Problem to solve
Print again, word for word, all of the records below, and leave the pictures out.

Record excerpts
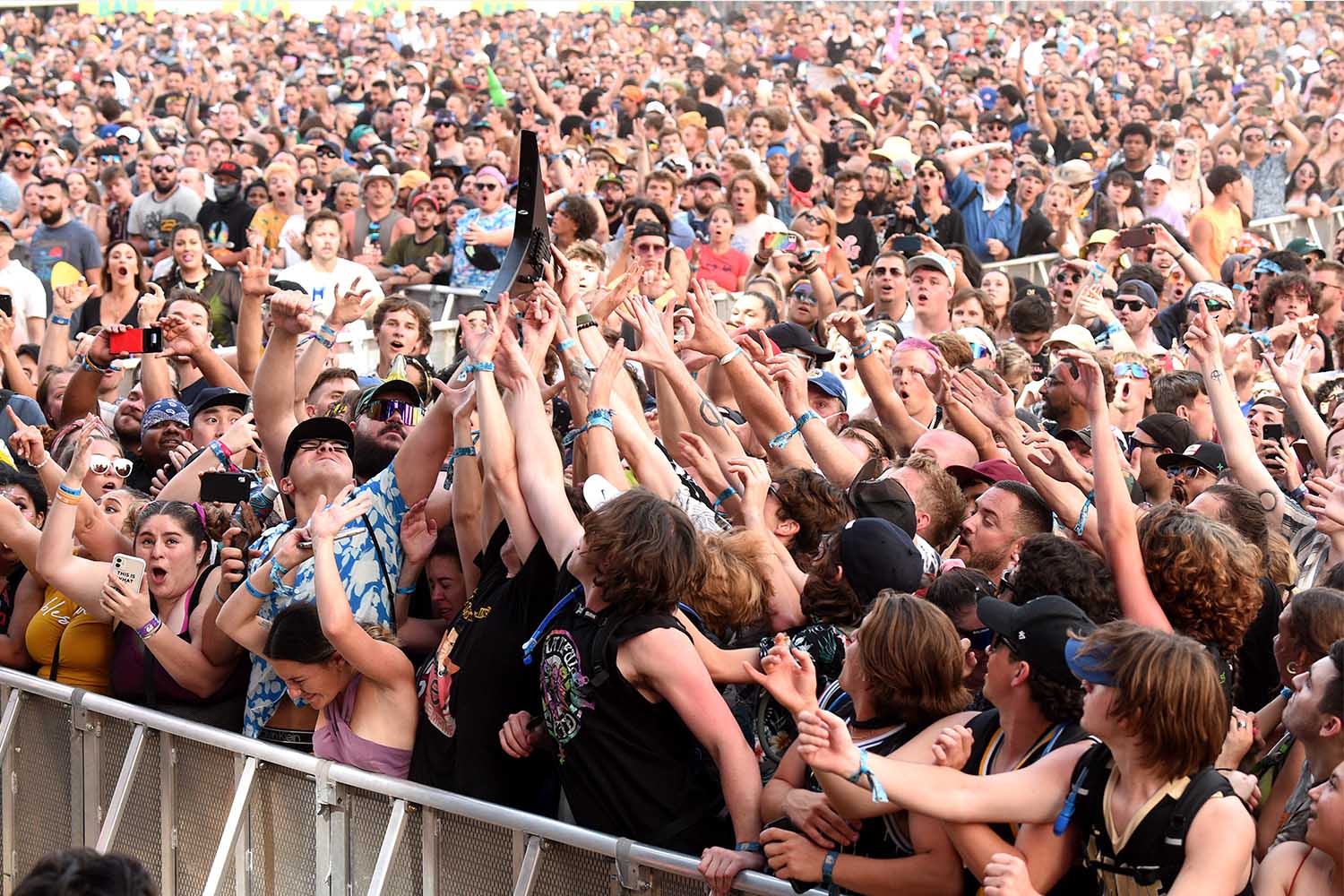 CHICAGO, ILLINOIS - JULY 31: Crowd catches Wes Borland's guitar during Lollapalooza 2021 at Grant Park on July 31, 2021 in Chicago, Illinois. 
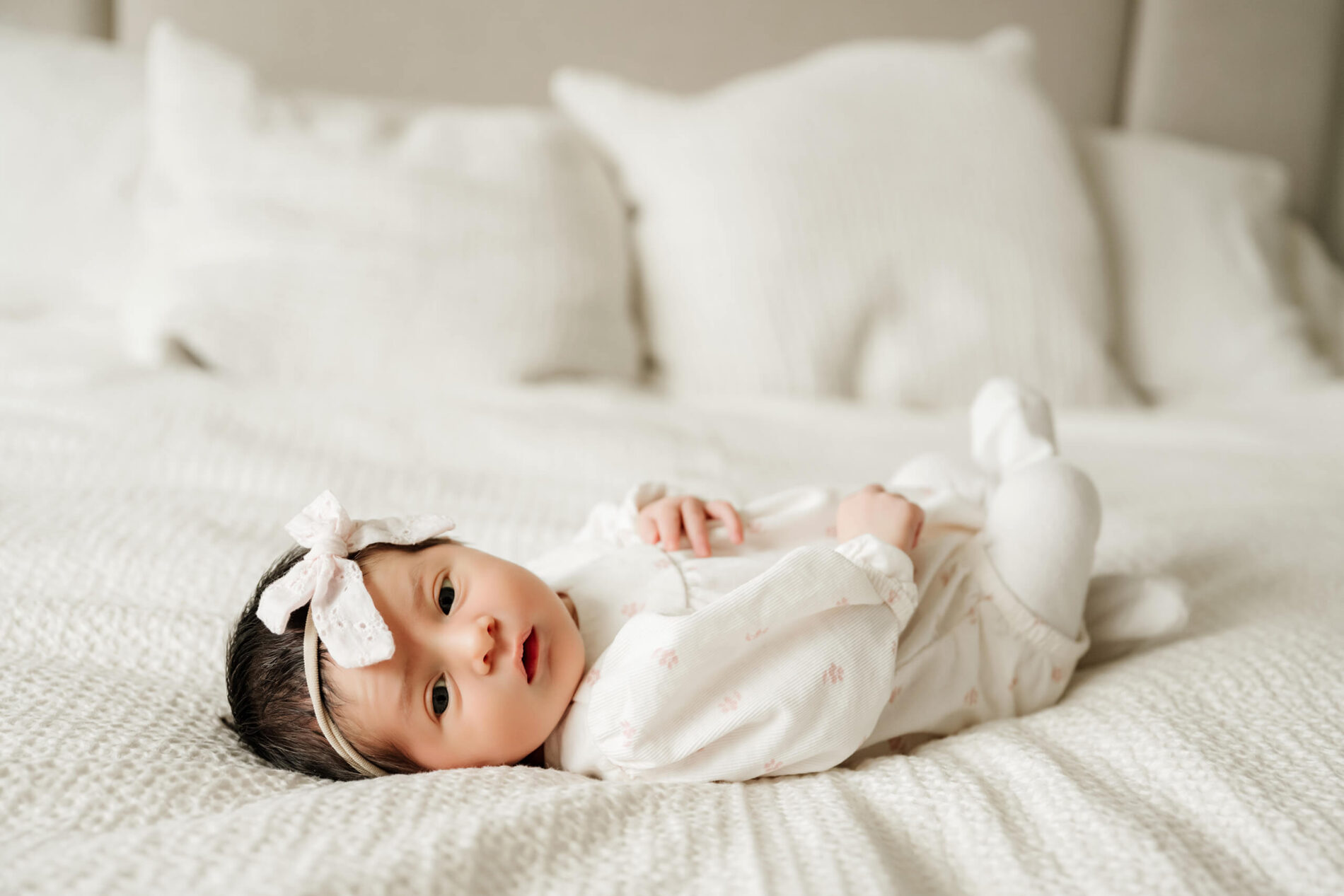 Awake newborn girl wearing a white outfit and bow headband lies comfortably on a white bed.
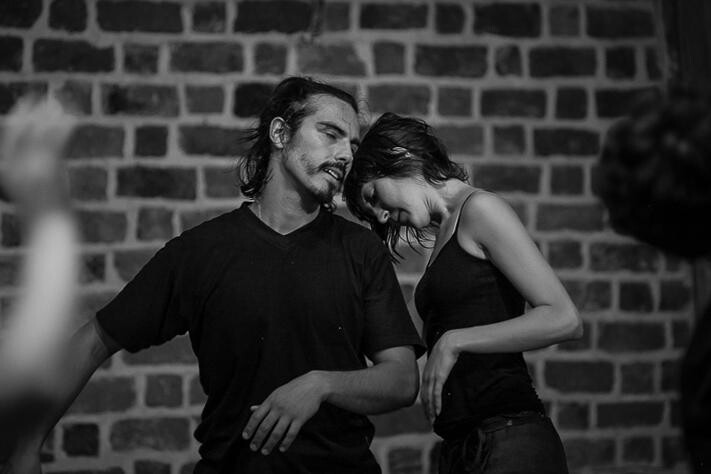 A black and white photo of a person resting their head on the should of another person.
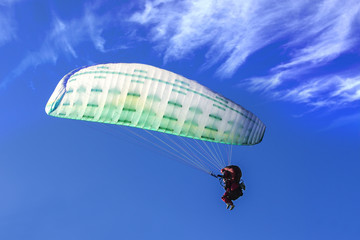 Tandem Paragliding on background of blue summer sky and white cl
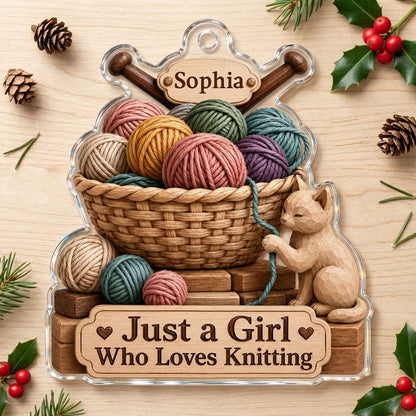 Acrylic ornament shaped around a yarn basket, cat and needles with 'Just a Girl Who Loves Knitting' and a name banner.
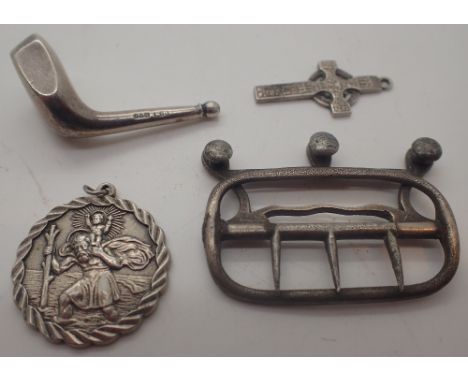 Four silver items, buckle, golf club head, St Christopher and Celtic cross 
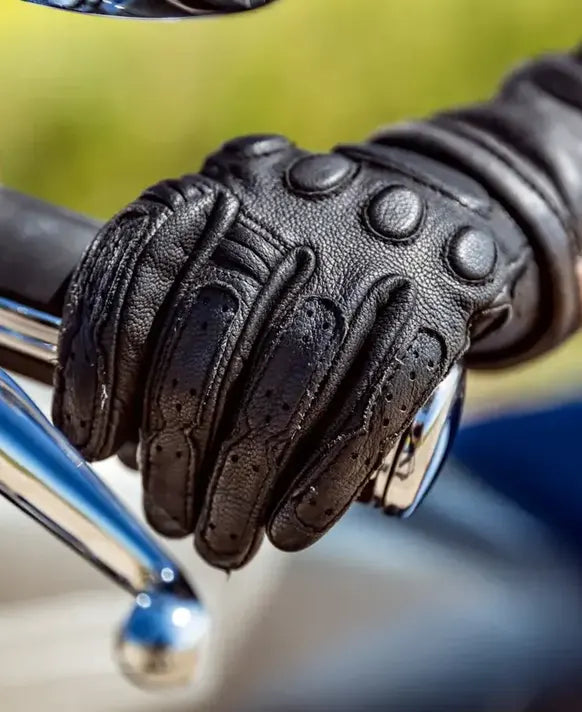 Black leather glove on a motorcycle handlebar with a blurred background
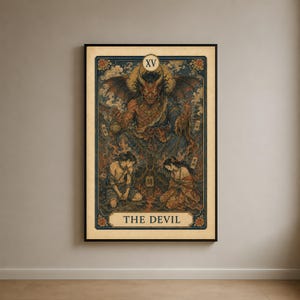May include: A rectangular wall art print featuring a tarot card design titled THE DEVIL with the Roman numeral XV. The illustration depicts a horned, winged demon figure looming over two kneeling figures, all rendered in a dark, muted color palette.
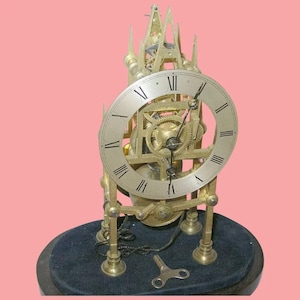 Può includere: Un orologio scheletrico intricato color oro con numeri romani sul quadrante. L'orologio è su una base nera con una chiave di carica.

Answer for the task
 CHICAGO, ILLINOIS - JULY 31: Crowd catches Wes Borland's guitar during Lollapalooza 2021 at Grant Park on July 31, 2021 in Chicago, Illinois. 
 Awake newborn girl wearing a white outfit and bow headband lies comfortably on a white bed.
 A black and white photo of a person resting their head on the should of another person.
 Tandem Paragliding on background of blue summer sky and white cl
 Acrylic ornament shaped around a yarn basket, cat and needles with 'Just a Girl Who Loves Knitting' and a name banner.
 Four silver items, buckle, golf club head, St Christopher and Celtic cross 
 Black leather glove on a motorcycle handlebar with a blurred background
May include: A rectangular wall art print featuring a tarot card design titled THE DEVIL with the Roman numeral XV. The illustration depicts a horned, winged demon figure looming over two kneeling figures, all rendered in a dark, muted color palette.
 Può includere: Un orologio scheletrico intricato color oro con numeri romani sul quadrante. L'orologio è su una base nera con una chiave di carica.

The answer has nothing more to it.